Why is there a fourth-gen Camaro in the National Corvette Museum? Because the only Camaro pieces on this car consist of the exterior panels and seating area—the entire drivetrain is C5 Corvette. Hiding items in plain sight that are part of critical testing processes in the “Cormaro” is one way that Corvette engineers were able to flesh out the C5 parts without giving away the details to prying eyes.
The star of the show at the National Corvette Museum—and quite by accident—was the display that detailed the cave collapse that occurred in the museum’s Skydome area back in 2014. A 200-foot-long cave exists under the Skydome, and when the collapse occurred, eight Corvettes took a hard ride into the depths of the hole. Several of the cars—some of them priceless examples like the 1.5 millionth Corvette ever made—were unrepairable after the accident and are on display in as-recovered condition. Originally purchased by the National Corvette Museum to preserve its placed in history, the 2009 Corvette in the last photo of the stack above could not be seen immediately after the collapse, as it was buried underneath the destroyed Mallett Hammer 2001 Corvette Z06 magazine cover car, which is seen in the photo above it.
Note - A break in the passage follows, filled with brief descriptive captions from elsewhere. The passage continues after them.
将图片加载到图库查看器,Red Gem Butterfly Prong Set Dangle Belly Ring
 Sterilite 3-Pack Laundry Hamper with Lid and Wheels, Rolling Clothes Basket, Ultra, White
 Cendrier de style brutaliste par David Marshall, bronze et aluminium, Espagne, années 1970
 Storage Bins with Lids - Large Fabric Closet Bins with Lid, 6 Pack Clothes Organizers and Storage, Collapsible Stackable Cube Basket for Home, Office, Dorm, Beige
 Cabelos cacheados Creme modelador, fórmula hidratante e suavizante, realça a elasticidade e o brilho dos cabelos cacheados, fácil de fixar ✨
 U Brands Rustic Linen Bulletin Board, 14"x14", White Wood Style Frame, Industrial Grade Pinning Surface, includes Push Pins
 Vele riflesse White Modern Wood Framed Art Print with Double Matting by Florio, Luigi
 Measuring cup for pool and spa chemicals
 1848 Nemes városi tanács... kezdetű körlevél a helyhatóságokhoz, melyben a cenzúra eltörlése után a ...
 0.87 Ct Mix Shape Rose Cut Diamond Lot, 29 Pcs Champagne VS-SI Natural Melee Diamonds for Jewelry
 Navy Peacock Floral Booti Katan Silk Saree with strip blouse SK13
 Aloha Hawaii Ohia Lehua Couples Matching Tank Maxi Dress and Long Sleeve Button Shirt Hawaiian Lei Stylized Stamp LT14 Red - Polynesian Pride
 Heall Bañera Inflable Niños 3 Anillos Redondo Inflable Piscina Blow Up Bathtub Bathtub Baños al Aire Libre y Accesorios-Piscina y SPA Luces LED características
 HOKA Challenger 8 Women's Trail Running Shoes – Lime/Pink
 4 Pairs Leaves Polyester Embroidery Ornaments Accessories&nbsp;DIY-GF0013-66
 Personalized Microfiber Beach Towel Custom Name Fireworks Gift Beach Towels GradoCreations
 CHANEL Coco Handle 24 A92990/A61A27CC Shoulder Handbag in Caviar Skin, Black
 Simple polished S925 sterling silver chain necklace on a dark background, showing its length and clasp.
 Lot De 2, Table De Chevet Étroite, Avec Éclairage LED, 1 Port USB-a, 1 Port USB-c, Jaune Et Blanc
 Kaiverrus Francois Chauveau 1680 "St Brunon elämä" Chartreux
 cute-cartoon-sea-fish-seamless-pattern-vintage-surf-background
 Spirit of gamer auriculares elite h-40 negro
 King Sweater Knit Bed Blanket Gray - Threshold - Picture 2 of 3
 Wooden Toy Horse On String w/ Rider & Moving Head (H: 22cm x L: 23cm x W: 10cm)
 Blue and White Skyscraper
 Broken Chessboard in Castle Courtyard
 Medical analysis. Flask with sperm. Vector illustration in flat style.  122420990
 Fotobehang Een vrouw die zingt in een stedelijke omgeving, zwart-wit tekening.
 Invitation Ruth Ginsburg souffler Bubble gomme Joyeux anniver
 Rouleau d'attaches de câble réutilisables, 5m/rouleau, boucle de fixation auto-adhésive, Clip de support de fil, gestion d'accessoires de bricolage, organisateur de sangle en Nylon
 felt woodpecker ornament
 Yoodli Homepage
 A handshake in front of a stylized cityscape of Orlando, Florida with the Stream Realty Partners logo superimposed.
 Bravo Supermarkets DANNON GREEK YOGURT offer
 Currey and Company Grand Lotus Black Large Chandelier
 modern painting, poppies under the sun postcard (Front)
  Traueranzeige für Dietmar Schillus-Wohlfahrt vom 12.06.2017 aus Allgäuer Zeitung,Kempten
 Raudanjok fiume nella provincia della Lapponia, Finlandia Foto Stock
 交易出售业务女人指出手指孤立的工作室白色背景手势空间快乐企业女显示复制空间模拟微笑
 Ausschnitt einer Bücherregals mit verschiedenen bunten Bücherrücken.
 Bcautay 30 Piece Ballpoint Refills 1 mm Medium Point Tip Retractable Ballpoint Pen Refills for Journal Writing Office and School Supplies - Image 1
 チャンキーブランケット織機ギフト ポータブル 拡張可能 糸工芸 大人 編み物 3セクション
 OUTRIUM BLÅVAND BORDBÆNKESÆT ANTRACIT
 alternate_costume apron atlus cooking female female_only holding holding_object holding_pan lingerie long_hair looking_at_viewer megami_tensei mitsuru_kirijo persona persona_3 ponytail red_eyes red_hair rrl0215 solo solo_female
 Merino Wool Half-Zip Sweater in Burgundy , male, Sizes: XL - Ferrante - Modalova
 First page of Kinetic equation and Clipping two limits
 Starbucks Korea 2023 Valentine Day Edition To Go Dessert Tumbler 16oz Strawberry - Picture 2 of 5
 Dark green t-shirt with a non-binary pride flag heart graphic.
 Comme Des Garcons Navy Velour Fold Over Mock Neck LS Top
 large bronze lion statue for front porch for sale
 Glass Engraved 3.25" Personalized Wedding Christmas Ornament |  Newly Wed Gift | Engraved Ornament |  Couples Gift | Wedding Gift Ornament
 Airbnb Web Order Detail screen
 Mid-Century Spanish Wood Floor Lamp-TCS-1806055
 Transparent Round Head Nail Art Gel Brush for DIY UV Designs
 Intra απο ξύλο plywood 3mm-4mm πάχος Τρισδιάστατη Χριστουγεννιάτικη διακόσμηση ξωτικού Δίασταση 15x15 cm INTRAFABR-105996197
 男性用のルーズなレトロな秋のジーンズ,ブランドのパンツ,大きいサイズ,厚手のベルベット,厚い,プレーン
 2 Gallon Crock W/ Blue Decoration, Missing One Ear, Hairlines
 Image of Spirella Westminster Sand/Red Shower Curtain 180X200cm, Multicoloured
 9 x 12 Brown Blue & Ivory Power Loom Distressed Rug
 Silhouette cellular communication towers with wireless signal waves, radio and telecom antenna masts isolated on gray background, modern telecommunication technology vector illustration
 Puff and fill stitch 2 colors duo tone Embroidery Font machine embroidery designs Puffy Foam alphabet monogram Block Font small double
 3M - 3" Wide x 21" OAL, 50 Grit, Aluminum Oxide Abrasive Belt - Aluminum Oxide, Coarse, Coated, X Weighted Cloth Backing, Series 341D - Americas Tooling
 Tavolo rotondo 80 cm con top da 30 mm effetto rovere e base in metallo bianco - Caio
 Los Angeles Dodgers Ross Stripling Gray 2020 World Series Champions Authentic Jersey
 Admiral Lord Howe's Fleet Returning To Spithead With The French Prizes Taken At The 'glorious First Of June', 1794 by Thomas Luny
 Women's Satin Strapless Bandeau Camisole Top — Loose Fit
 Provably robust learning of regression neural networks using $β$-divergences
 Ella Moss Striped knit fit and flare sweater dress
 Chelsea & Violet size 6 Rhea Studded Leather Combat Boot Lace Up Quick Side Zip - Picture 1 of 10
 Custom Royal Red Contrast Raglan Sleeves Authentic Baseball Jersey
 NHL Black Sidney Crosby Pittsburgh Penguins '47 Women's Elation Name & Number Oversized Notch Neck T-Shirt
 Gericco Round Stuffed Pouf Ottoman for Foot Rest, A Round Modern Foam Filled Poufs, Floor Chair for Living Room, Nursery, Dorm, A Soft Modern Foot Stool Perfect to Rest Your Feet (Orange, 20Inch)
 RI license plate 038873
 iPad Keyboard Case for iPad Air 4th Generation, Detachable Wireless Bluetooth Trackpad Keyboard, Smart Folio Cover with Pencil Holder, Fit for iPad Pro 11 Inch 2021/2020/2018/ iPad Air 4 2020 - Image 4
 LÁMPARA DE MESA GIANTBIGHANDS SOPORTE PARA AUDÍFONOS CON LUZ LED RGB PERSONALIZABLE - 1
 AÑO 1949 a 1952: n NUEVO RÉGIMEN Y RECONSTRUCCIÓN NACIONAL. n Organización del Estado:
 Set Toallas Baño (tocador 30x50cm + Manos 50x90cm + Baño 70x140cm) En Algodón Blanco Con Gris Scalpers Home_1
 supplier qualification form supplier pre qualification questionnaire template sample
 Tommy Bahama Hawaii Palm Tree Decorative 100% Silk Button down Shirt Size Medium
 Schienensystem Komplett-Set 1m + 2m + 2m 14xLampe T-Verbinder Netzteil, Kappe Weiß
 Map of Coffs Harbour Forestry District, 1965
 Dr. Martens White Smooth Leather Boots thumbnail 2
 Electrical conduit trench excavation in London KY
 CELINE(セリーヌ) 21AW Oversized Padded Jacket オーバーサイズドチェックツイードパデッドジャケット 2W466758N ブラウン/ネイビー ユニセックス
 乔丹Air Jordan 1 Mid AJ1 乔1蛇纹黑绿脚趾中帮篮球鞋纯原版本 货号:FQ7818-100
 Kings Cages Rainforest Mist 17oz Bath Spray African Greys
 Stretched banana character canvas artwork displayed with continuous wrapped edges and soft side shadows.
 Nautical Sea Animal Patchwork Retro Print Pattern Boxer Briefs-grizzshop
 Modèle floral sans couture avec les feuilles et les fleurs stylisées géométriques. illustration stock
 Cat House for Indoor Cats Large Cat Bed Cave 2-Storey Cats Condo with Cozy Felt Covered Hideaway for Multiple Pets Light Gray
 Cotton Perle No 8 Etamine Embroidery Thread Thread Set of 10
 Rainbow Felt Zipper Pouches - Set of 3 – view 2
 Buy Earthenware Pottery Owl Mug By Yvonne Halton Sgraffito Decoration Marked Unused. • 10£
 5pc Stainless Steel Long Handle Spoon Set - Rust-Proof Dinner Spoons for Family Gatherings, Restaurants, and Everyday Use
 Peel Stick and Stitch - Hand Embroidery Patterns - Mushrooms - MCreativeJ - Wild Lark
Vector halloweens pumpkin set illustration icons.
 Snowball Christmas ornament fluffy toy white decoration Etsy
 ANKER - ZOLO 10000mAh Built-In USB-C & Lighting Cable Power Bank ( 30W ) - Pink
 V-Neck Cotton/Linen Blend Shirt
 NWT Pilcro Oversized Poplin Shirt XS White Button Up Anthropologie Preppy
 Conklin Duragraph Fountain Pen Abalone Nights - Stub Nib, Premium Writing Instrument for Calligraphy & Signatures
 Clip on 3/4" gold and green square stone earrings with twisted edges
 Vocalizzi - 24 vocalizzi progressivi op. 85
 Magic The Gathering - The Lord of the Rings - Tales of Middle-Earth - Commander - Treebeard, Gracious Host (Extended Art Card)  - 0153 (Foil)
It was interesting to be able to look into the depths of the cave from above, but also slightly unsettling. I wondered if it was going to collapse under my feet, especially as I walked around the room and saw how big the outline was, and then thought about how much weight was atop the cave when you take the weight of the cars and structure into account.
2020 Chevrolet Corvette Stingray—Photo General Motors
Enthusiast excitement is high regarding the 2020 Corvette’s mid-engine design, stunning appearance, and performance potential; it is certainly warranted given the marque’s history. Without the cars above that fill every corner of the museum’s chambers, it would not be possible.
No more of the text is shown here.